Un comparatif des frais moyens d’assurance vie pour connaître son coût complet

Frais sur versement, frais de gestion du contrat, frais de gestion des fonds … la structure des coûts d’un contrat d’assurance vie est complexe. Dans ce contexte, les rapporteurs préconisent la mise en place d’un comparateur public des frais moyens d’assurance vie qui permettrait de connaitre le coût complet. Cette mission pourrait être confiée à l’ACPR.

3- Adapter les produits aux nouvelles contraintes de marché

PEA : protéger l’épargnant en cas d’achat d’une action inéligible

Les rapporteurs préconisent d’imposer aux banques de bloquer automatiquement l’achat par leurs clients d’actions inéligibles au PEA. En effet, en cas d’erreur du client, cette mesure permettrait d’éviter qu’il ne soit contraint de transférer les actions inéligibles sur un compte titre ordinaire et perde l’avantage fiscal de son investissement. En cas de litiges et de défaut d’information avéré de la part de la banque, l’épargnant bénéficierait d’un dédommagement au moins partiel.

Les fonds non cotés

Les fonds fiscaux permettent d’investir dans des sociétés non cotées. Ce sont des fonds de capital risque ou de capital investissement, auxquels sont attachés des avantages fiscaux, contrepartie des aléas plus importants liés à la prise de participations dans ces sociétés. Or, certains de ces fonds présentent des encours très faibles, ce qui entraine des frais plus élevés (car les économies d’échelle sont moins importantes) et un risque plus élevé (car la diversification du portefeuille est moindre).

Pour atteindre une taille critique et offrir des produits plus efficaces aux épargnants, les rapporteurs préconisent que les seuils soint rehaussés, avec, en contrepartie, une hausse temporaire du taux de la réduction d’impôt sur le revenu au titre du dispositif Madelin ou « IR-PME », de 25 % à 30 %.

La transférabilité des contrats d’assurance vie

Lors de l’examen de la loi « Pacte », le Sénat s’était prononcé en faveur d’une transférabilité totale des contrats d’assurance vie, d’un assureur à l’autre, dès lors que le contrat avait plus de huit ans. Les rapporteurs préconisent de mettre en œuvre cette mesure en y ajoutant un plafonnement annuel des sommes pouvant être transférées chez un autre assureur.

La migration de l’assurance vie vers les PER

La commercialisation des PER rencontre un certain succès. Le PER ressort comme un produit particulièrement adapté à l’investissement de très long-terme et à la préparation de la retraite. Dans cette optique, pour encourager la migration de l’assurance vie vers les PER, les rapporteurs préconisent de proroger au-delà du 1er janvier 2023 le bénéfice de l’incitation fiscale mise en place par la loi « Pacte » pour encourager le transfert de l’assurance vie vers les PER.
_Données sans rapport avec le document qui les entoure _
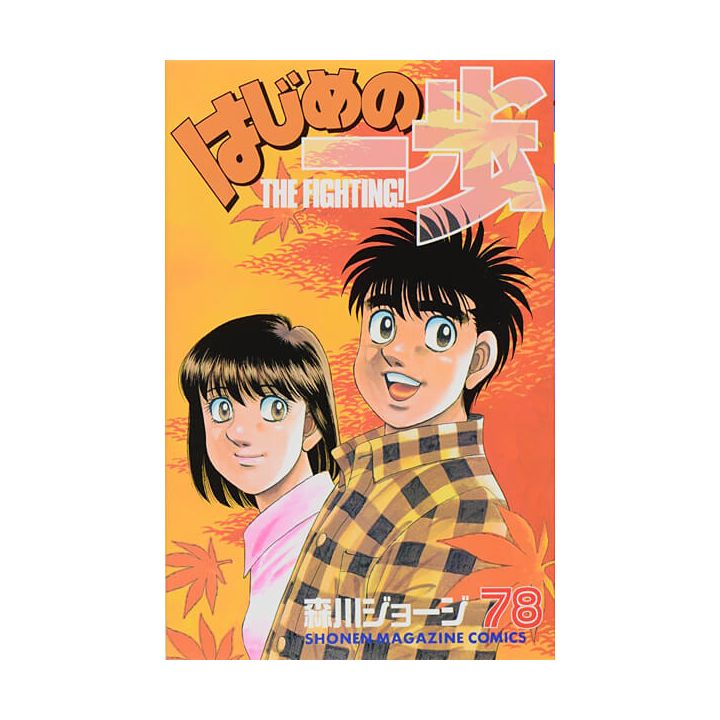 Hajime no Ippo vol.78 - Kodansha Comics (version japonaise)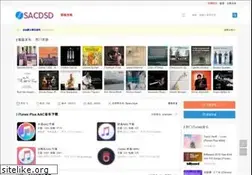 Sites similar to sacdsd.com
Un produit d’épargne retraite peu coûteux pour l’épargnant

Du fait de sa fiscalité avantageuse en cas de décès, le PER assurance a pris le pas sur le PER bancaire. Pourtant, les PER compte-titres ont aussi des atouts à faire valoir auprès des épargnants, dont la diversification des supports d’investissement et des frais moins élevés. Les rapporteurs proposent d’encourager son développement en créant un PER dont la gestion serait peu chargée en frais, afin d’optimiser le rendement servi, et reposerait sur des fonds indiciels (gestion passive). Sa gestion serait assurée par une entité publique non lucrative, sur le modèle du « NEST » britannique, fonds de pension public.